• _Task details_:
From the first line to the last, restate the material word for word, omitting pictures.

• _Data section_:
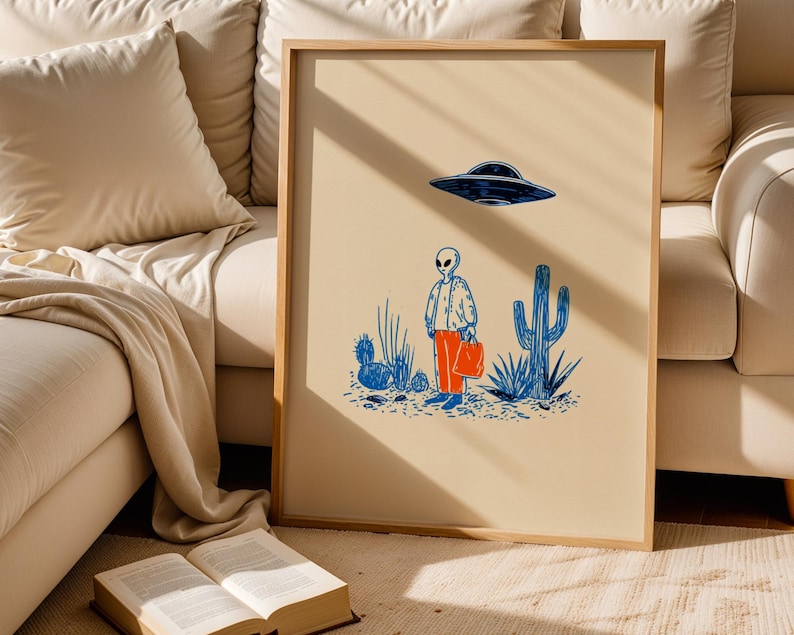 Retro alien UFO wall art featuring a quirky extraterrestrial walking through a desert landscape with cactus plants under a hovering spaceship. Bold blue and orange accents add a playful modern touch to the minimalist sci-fi illustration. Perfect for game rooms, living rooms, or offices, this unique artwork brings humor, character, and a creative sci-fi vibe to any interior. Ideal for space lovers and geek decor.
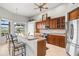The kitchen features warm wood cabinetry, stainless appliances, and a breakfast bar at 14026 Royal Pointe Dr, Port Charlotte, FL 33953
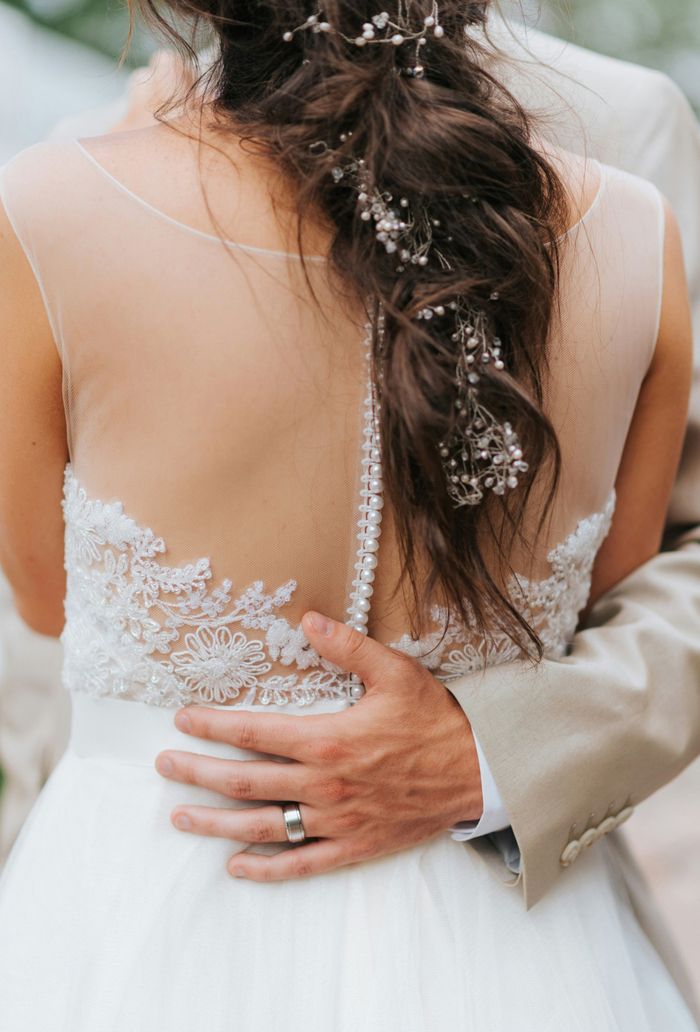 Die Hand des Bräutigams liegt auf der Taille der Braut und zeigt Hochzeitskleidung und Ringe.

• _Response box_:
 Retro alien UFO wall art featuring a quirky extraterrestrial walking through a desert landscape with cactus plants under a hovering spaceship. Bold blue and orange accents add a playful modern touch to the minimalist sci-fi illustration. Perfect for game rooms, living rooms, or offices, this unique artwork brings humor, character, and a creative sci-fi vibe to any interior. Ideal for space lovers and geek decor.
The kitchen features warm wood cabinetry, stainless appliances, and a breakfast bar at 14026 Royal Pointe Dr, Port Charlotte, FL 33953
 Die Hand des Bräutigams liegt auf der Taille der Braut und zeigt Hochzeitskleidung und Ringe.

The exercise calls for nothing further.